This may be shocking to you but you will rarely hear me say to a student, “You are so smart and talented!” What? The principal admits that he doesn’t give praise to students for their intellectual abilities? It’s true. I believe that talent and natural ability are over-rated. Some people may be born with a little talent in some areas but I believe that most success comes from lots of practice and hard work.

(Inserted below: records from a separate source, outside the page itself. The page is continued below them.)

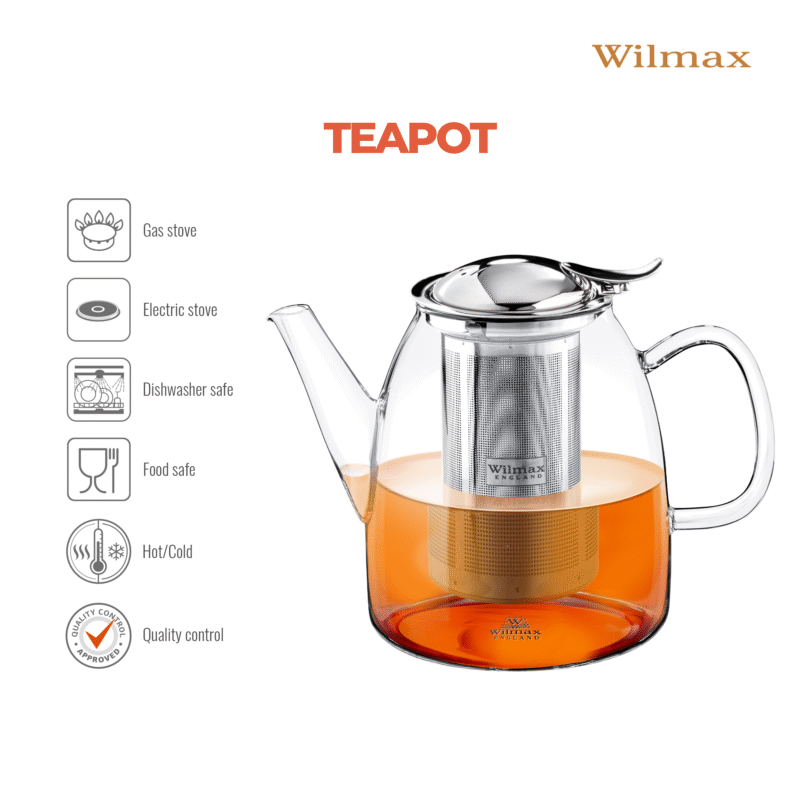 Dzbanek szklany z metalowym zaparzaczem do herbaty ze stali nierdzewnej 1450 ml WL-888809/A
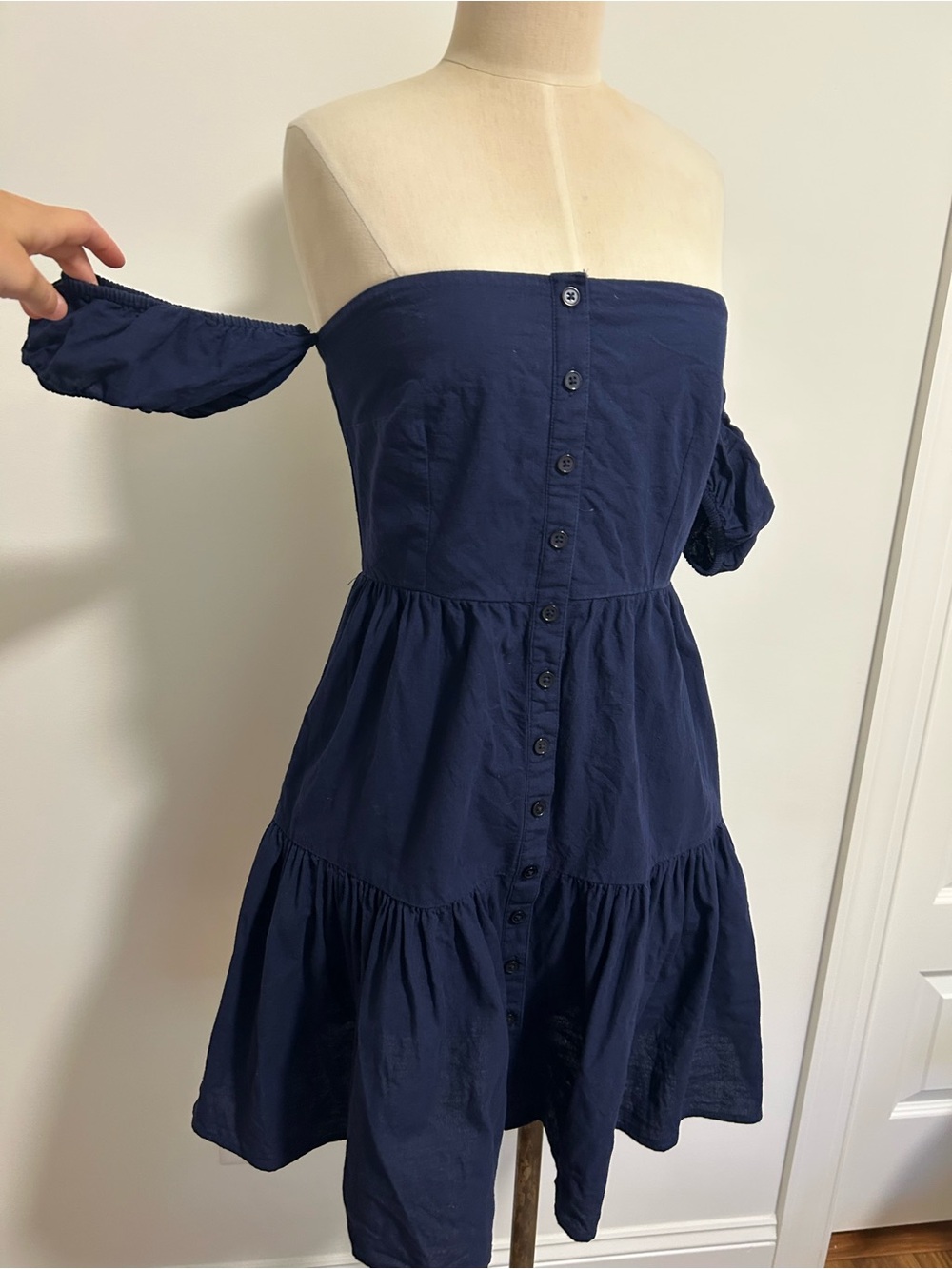 1. State Navy Off-Shoulder Button-Front Tiered Dress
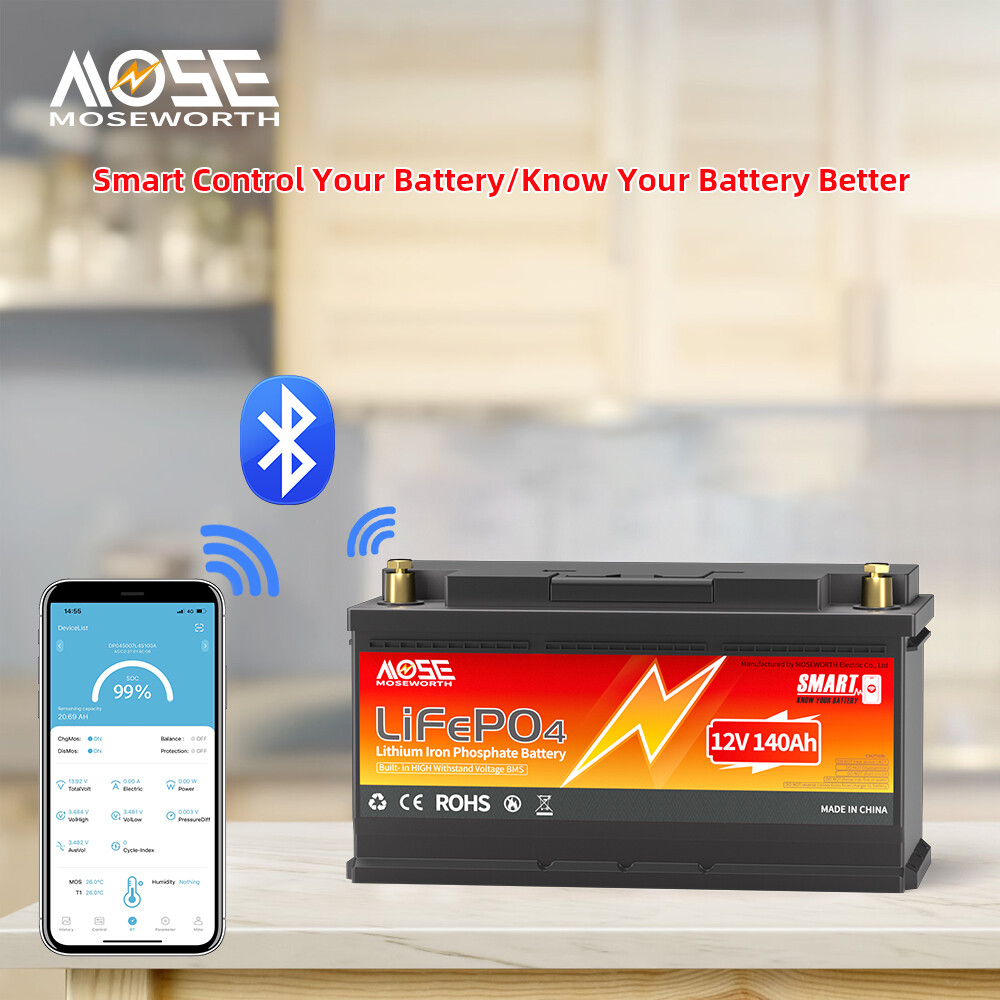 Bluetooth 12V 140Ah LiFePO4 Lithium battery Deep Cycle BMS RV Solar Off-grid NEW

In fact, scientific research tells us that most successful people are the hardest workers who have put in at least 10,000 hours of purposeful practice into their craft (see the Malcolm Gladwell’s work). The coach of the NBA basketball team, Oklahoma City Thunder, Scott Brooks, went to my high school. People said that he was too small to play in the NBA but he worked hard and persevered. Legend has it that he would sneak into the East Union High School gym and spend 3-4 hours every night just dribbling the basketball from one end of the court to the other. He dedicated himself to mastering the details. When others said that he couldn’t make it, he worked harder. He made it to the NBA and learned the game inside and out. He studied the game so much that he eventually became a head coach in the NBA. A few years ago, he was voted Coach of the Year in the NBA. He took one of the worst teams and made it one of the best teams. He once said that his teams are good not because they have the most talent but because the players understand what it means to work hard and be dedicated to getting better.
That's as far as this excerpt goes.